Es gibt ein neues Interesse am Osten. Doch auch in die Aussagen der Wohlmeinenden schleichen sich immer wieder Klischees über die Ostdeutschen ein. So gilt der Ossi als autoritätsfixiert und störrisch. Wie undankbar, wo doch die Fassaden und Marktplätze im Osten so hübsch geworden sind. Wirklich groß ist das Interesse an Ostdeutschland erst dann, wenn es Dunkles zu vermelden gibt. Wenn Neonazis marschieren oder eine völkische Partei gewählt wird. Allein dieser Umstand offenbart: Wir haben ein Problem mit der inneren Einheit, wenn der Osten nur dann eine Nachricht wert ist, wenn es dort ein Problem gibt.

Katja Kipping
Katja Kipping ist eine von zwei Vorsitzenden der Partei DIE LINKE. Die 41-Jährige ist in Dresden geboren. Dort hat sie bis heute ihren Bundestagswahlkreis. Kipping zog 1999 in den sächsischen Landtag ein. Im Jahr 2005 wurde sie erstmals in den Bundestag gewählt, dem sie bis heute angehört. Bis zu ihrer Wahl zur Ko-Vorsitzenden der Linkspartei war sie Vorsitzende des Bundestagsausschusses für Arbeit und Soziales.

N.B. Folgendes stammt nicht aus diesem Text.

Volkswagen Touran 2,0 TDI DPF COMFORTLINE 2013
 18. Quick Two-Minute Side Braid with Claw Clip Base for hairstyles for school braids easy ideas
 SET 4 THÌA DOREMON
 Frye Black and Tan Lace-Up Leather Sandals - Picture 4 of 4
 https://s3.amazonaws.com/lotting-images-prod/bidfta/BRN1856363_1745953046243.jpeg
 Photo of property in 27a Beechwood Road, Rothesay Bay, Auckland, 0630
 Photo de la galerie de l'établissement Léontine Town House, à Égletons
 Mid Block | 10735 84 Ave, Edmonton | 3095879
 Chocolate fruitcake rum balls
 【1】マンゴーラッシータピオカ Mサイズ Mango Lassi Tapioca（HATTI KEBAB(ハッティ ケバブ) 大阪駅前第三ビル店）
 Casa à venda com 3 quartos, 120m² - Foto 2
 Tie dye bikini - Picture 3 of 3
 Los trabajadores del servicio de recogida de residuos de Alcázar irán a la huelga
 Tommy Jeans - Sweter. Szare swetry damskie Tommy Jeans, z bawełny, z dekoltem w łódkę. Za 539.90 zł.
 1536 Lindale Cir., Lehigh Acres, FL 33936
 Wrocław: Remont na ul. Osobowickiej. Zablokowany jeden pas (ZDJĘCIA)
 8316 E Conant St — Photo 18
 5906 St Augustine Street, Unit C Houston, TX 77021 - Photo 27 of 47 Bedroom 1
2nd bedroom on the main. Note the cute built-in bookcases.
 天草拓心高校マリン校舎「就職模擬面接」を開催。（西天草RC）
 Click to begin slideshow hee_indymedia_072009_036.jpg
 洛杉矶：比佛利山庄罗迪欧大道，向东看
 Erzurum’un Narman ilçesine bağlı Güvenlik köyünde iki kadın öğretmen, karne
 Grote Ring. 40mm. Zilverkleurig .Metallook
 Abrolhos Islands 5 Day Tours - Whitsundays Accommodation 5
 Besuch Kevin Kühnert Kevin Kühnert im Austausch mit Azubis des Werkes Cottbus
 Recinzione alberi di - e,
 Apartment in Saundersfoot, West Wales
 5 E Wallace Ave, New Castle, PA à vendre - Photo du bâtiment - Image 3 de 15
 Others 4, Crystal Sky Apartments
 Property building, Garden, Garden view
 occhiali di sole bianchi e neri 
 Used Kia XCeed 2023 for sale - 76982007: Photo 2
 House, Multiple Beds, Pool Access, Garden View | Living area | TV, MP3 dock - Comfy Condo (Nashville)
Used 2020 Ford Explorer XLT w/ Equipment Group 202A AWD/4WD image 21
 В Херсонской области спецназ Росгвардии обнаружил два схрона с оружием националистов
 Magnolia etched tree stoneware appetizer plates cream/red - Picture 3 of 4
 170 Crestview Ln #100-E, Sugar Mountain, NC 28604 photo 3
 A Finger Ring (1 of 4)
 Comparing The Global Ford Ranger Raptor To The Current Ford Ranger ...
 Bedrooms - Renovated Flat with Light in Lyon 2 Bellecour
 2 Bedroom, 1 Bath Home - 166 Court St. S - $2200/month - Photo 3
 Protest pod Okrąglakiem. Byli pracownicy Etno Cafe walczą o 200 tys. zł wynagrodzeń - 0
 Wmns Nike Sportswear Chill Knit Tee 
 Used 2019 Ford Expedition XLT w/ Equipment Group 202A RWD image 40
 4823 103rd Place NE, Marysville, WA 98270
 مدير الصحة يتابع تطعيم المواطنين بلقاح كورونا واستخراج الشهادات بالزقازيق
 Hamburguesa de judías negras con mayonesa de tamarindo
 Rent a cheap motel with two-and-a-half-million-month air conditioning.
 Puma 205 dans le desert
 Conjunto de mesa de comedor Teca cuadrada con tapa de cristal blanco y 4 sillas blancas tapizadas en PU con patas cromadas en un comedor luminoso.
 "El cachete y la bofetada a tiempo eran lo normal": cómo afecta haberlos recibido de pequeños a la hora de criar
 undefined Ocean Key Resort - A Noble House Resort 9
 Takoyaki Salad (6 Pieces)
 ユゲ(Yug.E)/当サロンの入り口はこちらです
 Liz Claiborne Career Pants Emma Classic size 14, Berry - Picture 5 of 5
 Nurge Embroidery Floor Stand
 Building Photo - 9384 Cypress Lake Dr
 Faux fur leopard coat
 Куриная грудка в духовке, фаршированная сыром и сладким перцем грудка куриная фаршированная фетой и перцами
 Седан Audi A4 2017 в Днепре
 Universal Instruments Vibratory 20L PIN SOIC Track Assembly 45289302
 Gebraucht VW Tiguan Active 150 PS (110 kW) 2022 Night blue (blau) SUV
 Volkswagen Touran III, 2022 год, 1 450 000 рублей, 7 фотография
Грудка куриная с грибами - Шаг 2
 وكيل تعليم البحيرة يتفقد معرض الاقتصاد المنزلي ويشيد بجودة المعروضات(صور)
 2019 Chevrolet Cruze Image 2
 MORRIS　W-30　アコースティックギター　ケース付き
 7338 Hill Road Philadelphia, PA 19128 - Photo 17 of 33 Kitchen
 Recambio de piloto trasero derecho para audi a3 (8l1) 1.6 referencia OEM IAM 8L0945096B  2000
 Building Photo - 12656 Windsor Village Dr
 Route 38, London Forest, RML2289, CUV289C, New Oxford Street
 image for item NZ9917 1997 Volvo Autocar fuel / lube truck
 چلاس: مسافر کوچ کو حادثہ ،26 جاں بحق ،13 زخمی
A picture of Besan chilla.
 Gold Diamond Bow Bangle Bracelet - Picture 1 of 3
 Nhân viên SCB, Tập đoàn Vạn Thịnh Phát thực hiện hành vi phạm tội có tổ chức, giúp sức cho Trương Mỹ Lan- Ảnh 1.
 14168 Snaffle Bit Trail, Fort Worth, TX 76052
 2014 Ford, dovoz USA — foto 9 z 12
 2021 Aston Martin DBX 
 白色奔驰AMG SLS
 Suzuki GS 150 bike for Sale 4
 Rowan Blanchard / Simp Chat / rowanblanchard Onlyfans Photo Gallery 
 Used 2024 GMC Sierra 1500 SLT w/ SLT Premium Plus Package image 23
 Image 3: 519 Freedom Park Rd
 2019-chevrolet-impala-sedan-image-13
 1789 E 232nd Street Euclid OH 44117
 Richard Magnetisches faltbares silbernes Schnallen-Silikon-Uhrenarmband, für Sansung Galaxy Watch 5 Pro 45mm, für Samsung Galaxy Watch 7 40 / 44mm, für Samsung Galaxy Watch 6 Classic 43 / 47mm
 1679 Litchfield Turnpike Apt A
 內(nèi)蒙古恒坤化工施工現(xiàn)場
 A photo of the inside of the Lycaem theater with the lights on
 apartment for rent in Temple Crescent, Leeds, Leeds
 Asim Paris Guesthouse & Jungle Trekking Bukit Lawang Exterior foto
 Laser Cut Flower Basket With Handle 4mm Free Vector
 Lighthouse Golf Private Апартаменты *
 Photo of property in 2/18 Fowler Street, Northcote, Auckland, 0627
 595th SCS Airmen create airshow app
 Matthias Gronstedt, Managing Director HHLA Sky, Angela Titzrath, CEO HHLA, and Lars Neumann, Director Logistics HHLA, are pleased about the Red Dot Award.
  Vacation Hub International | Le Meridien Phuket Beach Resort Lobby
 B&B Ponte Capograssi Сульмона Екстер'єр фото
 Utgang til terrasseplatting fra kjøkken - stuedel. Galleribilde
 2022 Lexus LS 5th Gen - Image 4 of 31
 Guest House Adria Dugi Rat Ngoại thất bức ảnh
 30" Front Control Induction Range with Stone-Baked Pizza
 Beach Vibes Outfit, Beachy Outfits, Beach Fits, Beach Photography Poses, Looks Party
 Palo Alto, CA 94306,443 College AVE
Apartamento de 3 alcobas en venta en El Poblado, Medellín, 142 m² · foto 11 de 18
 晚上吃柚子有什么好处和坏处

Hinzukommt: In all den bundesdeutschen Klischees über den rückwärtsgewandten Osten schwingt immer mit: Hier rege sich etwas aus der Vergangenheit. Mich beschleicht dabei seit längerem ein ungutes Gefühl.

Wer, wie die bundesdeutschen Meinungseliten, den Aufwind des Autoritären zeitlich in der Vergangenheit und örtlich im Osten sucht, analysiert zielsicher am Ernst der Lage vorbei. Und gerade das ist das eigentlich Gefährliche. Führt die falsche Analyse doch zwangsweise zu falschen Schlüssen.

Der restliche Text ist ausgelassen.